### Assignment
An exact repetition of all the entries that follow is required.

(Short web captions)
━━━━━━━━

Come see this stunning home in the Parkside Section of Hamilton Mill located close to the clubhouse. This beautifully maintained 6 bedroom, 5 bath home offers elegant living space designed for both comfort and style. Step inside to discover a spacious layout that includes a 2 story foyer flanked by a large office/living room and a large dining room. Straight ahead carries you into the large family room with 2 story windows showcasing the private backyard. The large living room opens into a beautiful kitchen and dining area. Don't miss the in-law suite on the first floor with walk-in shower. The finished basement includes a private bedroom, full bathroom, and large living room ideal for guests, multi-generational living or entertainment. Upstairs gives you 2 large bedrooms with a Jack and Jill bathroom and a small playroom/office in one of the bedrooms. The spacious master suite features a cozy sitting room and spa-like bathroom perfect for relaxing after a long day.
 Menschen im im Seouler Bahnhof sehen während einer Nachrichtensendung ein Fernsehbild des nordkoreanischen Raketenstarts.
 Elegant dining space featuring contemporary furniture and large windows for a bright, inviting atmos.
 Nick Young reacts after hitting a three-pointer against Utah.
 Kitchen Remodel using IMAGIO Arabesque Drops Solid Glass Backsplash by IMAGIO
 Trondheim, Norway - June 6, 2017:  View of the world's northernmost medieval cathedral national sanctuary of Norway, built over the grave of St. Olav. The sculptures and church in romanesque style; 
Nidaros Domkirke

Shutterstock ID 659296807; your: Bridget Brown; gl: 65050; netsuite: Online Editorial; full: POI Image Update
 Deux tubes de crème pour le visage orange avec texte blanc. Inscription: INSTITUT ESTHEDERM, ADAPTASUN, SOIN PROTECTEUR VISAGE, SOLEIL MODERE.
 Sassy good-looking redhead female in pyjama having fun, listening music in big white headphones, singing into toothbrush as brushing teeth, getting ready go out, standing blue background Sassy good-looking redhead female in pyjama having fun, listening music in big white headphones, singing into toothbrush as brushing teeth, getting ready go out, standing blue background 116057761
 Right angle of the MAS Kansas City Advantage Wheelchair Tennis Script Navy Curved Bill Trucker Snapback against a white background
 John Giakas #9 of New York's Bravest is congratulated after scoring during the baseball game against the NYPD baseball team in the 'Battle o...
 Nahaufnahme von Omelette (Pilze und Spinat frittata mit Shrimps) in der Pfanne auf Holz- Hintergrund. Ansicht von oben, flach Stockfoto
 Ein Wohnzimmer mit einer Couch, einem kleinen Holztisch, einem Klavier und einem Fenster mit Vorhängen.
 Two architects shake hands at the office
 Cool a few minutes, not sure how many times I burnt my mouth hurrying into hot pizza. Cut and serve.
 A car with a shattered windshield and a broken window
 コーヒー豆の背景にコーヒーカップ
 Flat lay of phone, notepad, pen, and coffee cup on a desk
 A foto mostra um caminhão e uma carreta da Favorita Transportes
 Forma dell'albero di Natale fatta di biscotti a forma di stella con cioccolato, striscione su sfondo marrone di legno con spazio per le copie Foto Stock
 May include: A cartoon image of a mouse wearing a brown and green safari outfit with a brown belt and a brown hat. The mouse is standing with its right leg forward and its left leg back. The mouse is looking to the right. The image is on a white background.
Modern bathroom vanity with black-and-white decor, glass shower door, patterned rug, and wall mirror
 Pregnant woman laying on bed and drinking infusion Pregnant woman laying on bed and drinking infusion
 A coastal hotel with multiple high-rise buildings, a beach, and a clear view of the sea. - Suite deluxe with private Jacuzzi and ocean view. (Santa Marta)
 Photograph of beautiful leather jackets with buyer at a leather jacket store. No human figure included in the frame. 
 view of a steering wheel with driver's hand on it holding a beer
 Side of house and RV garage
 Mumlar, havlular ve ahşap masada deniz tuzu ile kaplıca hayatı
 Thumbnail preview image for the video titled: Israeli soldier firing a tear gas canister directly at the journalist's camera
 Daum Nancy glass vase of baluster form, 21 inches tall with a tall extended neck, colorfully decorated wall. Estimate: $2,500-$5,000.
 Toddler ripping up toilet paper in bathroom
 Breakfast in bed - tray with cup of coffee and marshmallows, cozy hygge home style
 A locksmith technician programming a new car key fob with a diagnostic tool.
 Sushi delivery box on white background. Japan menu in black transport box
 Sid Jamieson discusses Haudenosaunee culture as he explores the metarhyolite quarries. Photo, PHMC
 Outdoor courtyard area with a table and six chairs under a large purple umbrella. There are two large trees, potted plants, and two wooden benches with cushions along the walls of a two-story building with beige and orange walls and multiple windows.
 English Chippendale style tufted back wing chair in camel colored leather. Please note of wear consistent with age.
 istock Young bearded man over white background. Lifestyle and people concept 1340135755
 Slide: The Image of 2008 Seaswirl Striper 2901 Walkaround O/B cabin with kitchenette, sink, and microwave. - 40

━━━━━━━━

### Output for this task
Come see this stunning home in the Parkside Section of Hamilton Mill located close to the clubhouse. This beautifully maintained 6 bedroom, 5 bath home offers elegant living space designed for both comfort and style. Step inside to discover a spacious layout that includes a 2 story foyer flanked by a large office/living room and a large dining room. Straight ahead carries you into the large family room with 2 story windows showcasing the private backyard. The large living room opens into a beautiful kitchen and dining area. Don't miss the in-law suite on the first floor with walk-in shower. The finished basement includes a private bedroom, full bathroom, and large living room ideal for guests, multi-generational living or entertainment. Upstairs gives you 2 large bedrooms with a Jack and Jill bathroom and a small playroom/office in one of the bedrooms. The spacious master suite features a cozy sitting room and spa-like bathroom perfect for relaxing after a long day.
 Menschen im im Seouler Bahnhof sehen während einer Nachrichtensendung ein Fernsehbild des nordkoreanischen Raketenstarts.
 Elegant dining space featuring contemporary furniture and large windows for a bright, inviting atmos.
 Nick Young reacts after hitting a three-pointer against Utah.
 Kitchen Remodel using IMAGIO Arabesque Drops Solid Glass Backsplash by IMAGIO
 Trondheim, Norway - June 6, 2017:  View of the world's northernmost medieval cathedral national sanctuary of Norway, built over the grave of St. Olav. The sculptures and church in romanesque style; 
Nidaros Domkirke

Shutterstock ID 659296807; your: Bridget Brown; gl: 65050; netsuite: Online Editorial; full: POI Image Update
 Deux tubes de crème pour le visage orange avec texte blanc. Inscription: INSTITUT ESTHEDERM, ADAPTASUN, SOIN PROTECTEUR VISAGE, SOLEIL MODERE.
 Sassy good-looking redhead female in pyjama having fun, listening music in big white headphones, singing into toothbrush as brushing teeth, getting ready go out, standing blue background Sassy good-looking redhead female in pyjama having fun, listening music in big white headphones, singing into toothbrush as brushing teeth, getting ready go out, standing blue background 116057761
 Right angle of the MAS Kansas City Advantage Wheelchair Tennis Script Navy Curved Bill Trucker Snapback against a white background
 John Giakas #9 of New York's Bravest is congratulated after scoring during the baseball game against the NYPD baseball team in the 'Battle o...
 Nahaufnahme von Omelette (Pilze und Spinat frittata mit Shrimps) in der Pfanne auf Holz- Hintergrund. Ansicht von oben, flach Stockfoto
 Ein Wohnzimmer mit einer Couch, einem kleinen Holztisch, einem Klavier und einem Fenster mit Vorhängen.
 Two architects shake hands at the office
 Cool a few minutes, not sure how many times I burnt my mouth hurrying into hot pizza. Cut and serve.
 A car with a shattered windshield and a broken window
 コーヒー豆の背景にコーヒーカップ
 Flat lay of phone, notepad, pen, and coffee cup on a desk
 A foto mostra um caminhão e uma carreta da Favorita Transportes
 Forma dell'albero di Natale fatta di biscotti a forma di stella con cioccolato, striscione su sfondo marrone di legno con spazio per le copie Foto Stock
 May include: A cartoon image of a mouse wearing a brown and green safari outfit with a brown belt and a brown hat. The mouse is standing with its right leg forward and its left leg back. The mouse is looking to the right. The image is on a white background.
Modern bathroom vanity with black-and-white decor, glass shower door, patterned rug, and wall mirror
 Pregnant woman laying on bed and drinking infusion Pregnant woman laying on bed and drinking infusion
 A coastal hotel with multiple high-rise buildings, a beach, and a clear view of the sea. - Suite deluxe with private Jacuzzi and ocean view. (Santa Marta)
 Photograph of beautiful leather jackets with buyer at a leather jacket store. No human figure included in the frame. 
 view of a steering wheel with driver's hand on it holding a beer
 Side of house and RV garage
 Mumlar, havlular ve ahşap masada deniz tuzu ile kaplıca hayatı
 Thumbnail preview image for the video titled: Israeli soldier firing a tear gas canister directly at the journalist's camera
 Daum Nancy glass vase of baluster form, 21 inches tall with a tall extended neck, colorfully decorated wall. Estimate: $2,500-$5,000.
 Toddler ripping up toilet paper in bathroom
 Breakfast in bed - tray with cup of coffee and marshmallows, cozy hygge home style
 A locksmith technician programming a new car key fob with a diagnostic tool.
 Sushi delivery box on white background. Japan menu in black transport box
 Sid Jamieson discusses Haudenosaunee culture as he explores the metarhyolite quarries. Photo, PHMC
 Outdoor courtyard area with a table and six chairs under a large purple umbrella. There are two large trees, potted plants, and two wooden benches with cushions along the walls of a two-story building with beige and orange walls and multiple windows.
 English Chippendale style tufted back wing chair in camel colored leather. Please note of wear consistent with age.
 istock Young bearded man over white background. Lifestyle and people concept 1340135755
 Slide: The Image of 2008 Seaswirl Striper 2901 Walkaround O/B cabin with kitchenette, sink, and microwave. - 40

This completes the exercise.